De l’autre côté des Alpes, on n’a jamais été très enclin à parier sur la génération montante. La mode italienne est par tradition une affaire de famille ou de fabricants qui préfèrent opérer dans la continuité. Le savoir-faire plutôt que le « quoi faire », le produit avant l’idée.

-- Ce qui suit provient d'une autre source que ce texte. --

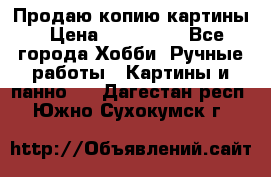 Продаю копию картины › Цена ­ 201 000 - Все города Хобби. Ручные работы » Картины и панно   . Дагестан респ.,Южно-Сухокумск г.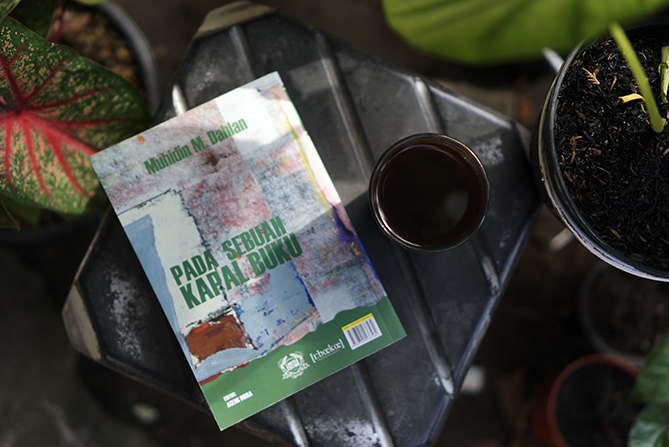 Pada Sebuah Kapal Buku Karya Muhidin M Dahlan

Pour se faire une place au soleil sur la place de Milan, mieux vaut avoir le cursus calme d’un assistant acharné dans l’ombre d’un grand nom qu’une véritable identité créative. Mais cette spécificité italienne semble avoir vécu, tant le renouveau de ces dernières saisons est manifeste. L’exemple de Diesel est éloquent. En deux saisons, le Belge Glenn Martens a transformé la marque à peine fréquentable en un must-have absolu, tout en respectant ses fondamentaux. Certes, un tel miracle n’arrive pas tous les jours et toutes les marques n’aspirent pas à une telle (r)évolution. La naissance même d’une griffe dans une ville marquée à jamais par le succès planétaire de Giorgio Armani ne va pas de soi. Armani, Gucci et Dolce & Gabbana (même si l’origine géographique de ces deux dernières n’est pas milanaise) ont d’ailleurs toutes établi des programmes destinés à mettre en lumière de nouveaux talents, en finançant tout ou partie de leur défilé. Valentino crée également des partenariats avec des créateurs émergeants dont la médiatisation est un pari gagnant-gagnant. En cinq ans, le nombre de nouveaux venus dans le calendrier des défilés et présentations dépasse de loin celui des deux décennies précédentes cumulées. Il était temps ! Citons la formidable Act N°1, le label fondé par Galib Gassanoff et Luca Lin, qui nourrit de son multiculturalisme une mode italienne qui a souvent pêché par consanguinité.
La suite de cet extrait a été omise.